- Activity
From the line containing "Collier pour Chat" through the last line of the records below, output every line exactly as it appears, but leave out the pictures.
#### Material provided ####
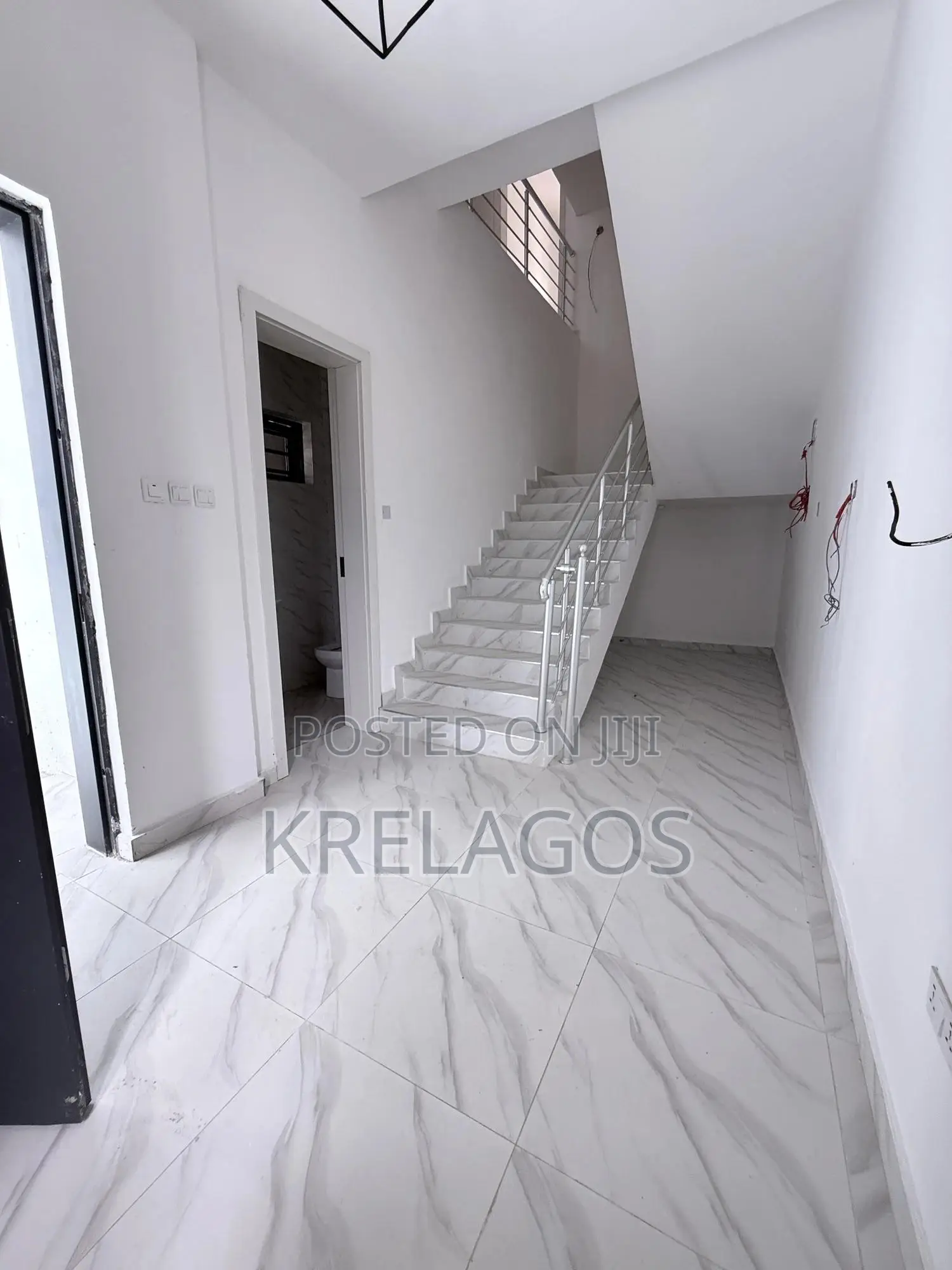 4bdrm Duplex in Ologolo for sale in Ologolo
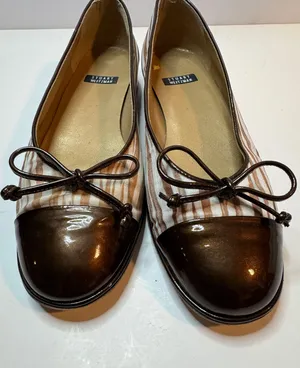 Womens 2 Tone Brown Flats Size 5 1/2B thumbnail 1
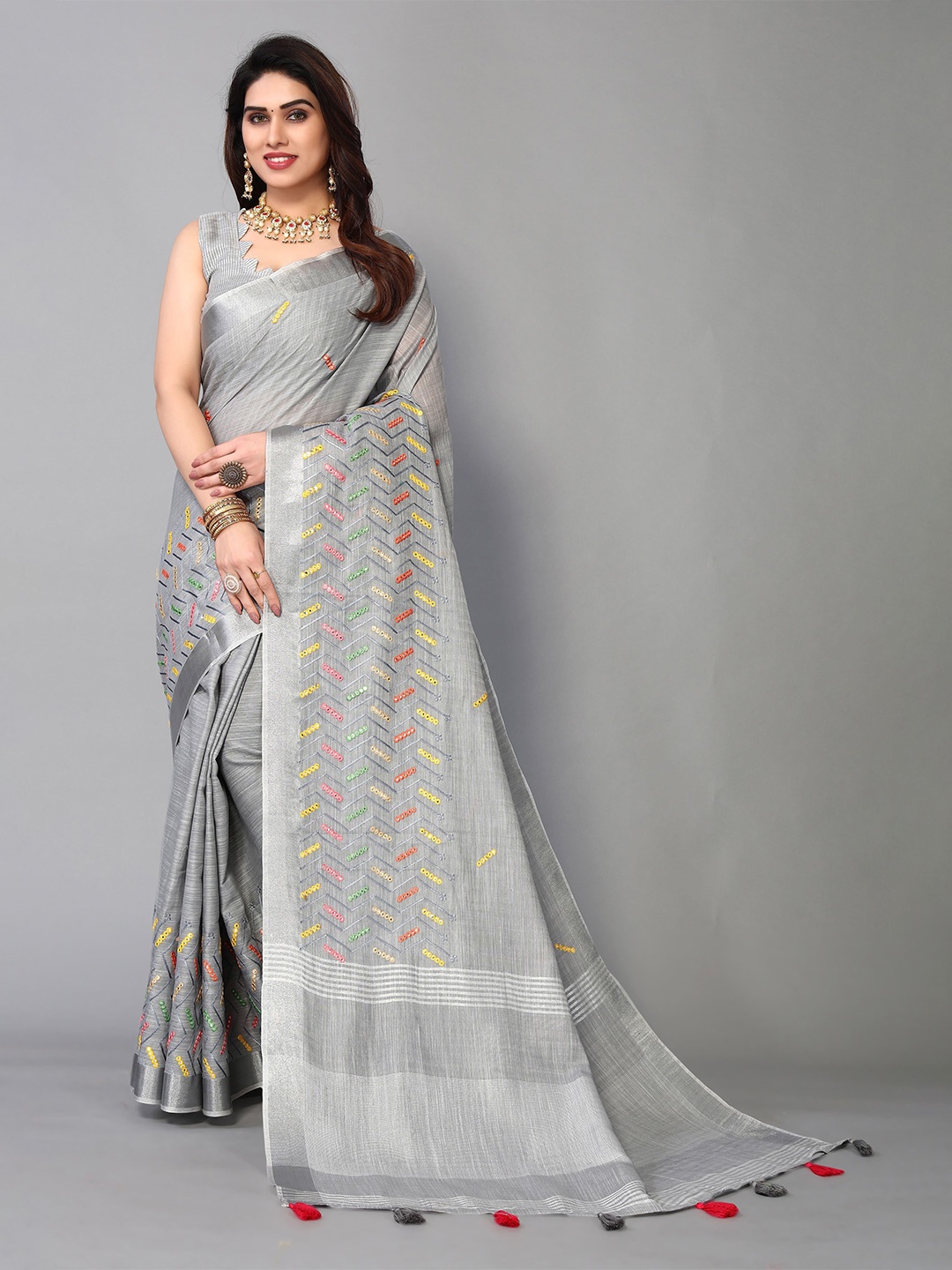 

A.V.M Prints Embellished Mirror Work Maheshwari Saree, Grey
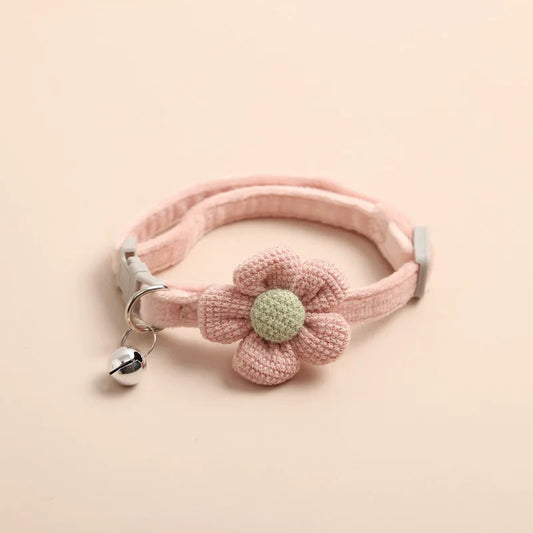 Collier pour Chat Mignon et Réglable avec Fleur sur fond rose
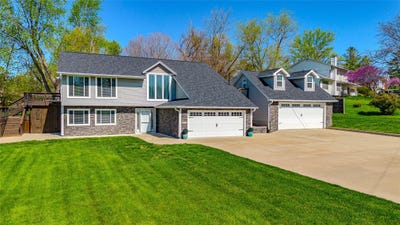 /international/us/6810-coburn-lane-johnston-ia-110107408546/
####
- Reply to the exercise
 Collier pour Chat Mignon et Réglable avec Fleur sur fond rose
 /international/us/6810-coburn-lane-johnston-ia-110107408546/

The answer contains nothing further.